The Ark production of The Day I Swapped My Day for Two Goldfish is up for an Irish Times Theatre Award for best production.

***

From a January 15th Baltimore Sun interview with Barb Langridge, facilitator of the We’re Bookin’ book club at Central Library:

Which book have the kids most liked, so far?
Coraline by Neil Gaiman. It has a touch of The Twilight Zone and Alice in Wonderland mixed together. It’s about a 10-year-old girl, who is sort of neglected by her parents. She walks through a mirror and meets some seemingly perfect parents, but it turns out they don’t have her best interests at heart. It’s kind of spooky.
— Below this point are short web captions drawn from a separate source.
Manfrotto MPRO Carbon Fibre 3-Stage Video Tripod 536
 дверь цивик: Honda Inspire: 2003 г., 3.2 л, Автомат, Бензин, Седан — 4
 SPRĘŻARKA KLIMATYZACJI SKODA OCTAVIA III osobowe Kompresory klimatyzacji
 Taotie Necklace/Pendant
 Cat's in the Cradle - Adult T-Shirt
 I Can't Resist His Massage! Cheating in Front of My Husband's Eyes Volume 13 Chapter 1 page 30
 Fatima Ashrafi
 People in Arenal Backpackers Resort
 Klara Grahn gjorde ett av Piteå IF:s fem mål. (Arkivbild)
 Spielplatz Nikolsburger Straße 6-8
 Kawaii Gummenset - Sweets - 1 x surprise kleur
The kids in our group really had strong feelings about what good parents should be like and were highly critical of the job done by the parents in this book.

***

Chivalry is reprinted in the anthology New Magics, edited by Patrick Nielsen Hayden

***

Sean Jaffe reviewed 1602 in PopMatters on January 14th.

***

Mark Russell reported the following Endless Nights review in the January 11th Pittsburgh Post Gazette:

Unlike the previous collections, “The Sandman: Endless Nights” (DC Comics, $24.95, ages 16 and up) is a self-contained work that did not appear first in serial comic form. While “The Sandman” was indeed an ongoing series, Neil Gaiman ended it at issue 75 in 1996.

Since then he has written best-selling novels and worked on screenplays. Luckily for “Sandman” fans, every now and then he writes a new story about his signature character, Dream.

“Endless Nights” is a collection of seven stories about Dream and his siblings Destiny, Desire, Delirium, Despair, Destruction and Death; collectively known as The Endless.

Each story focuses on one particular family member, and to tell these tales Gaiman has enlisted an impressive group of artists.

The most potent tale in this collection is “Fifteen Portraits of Despair,” told by Gaiman with art by Barron Storey and Dave McKean. The sparse, heartbreaking prose exists amidst a series of gruesome, chaotic art panels, evoking simultaneous pain and beauty.

Certainly, this volume is not for the casual reader, and prior knowledge of “The Sandman” is helpful, although not necessary. The intensity and complexity of the stories may seem intimidating, but ultimately they are worth the investment.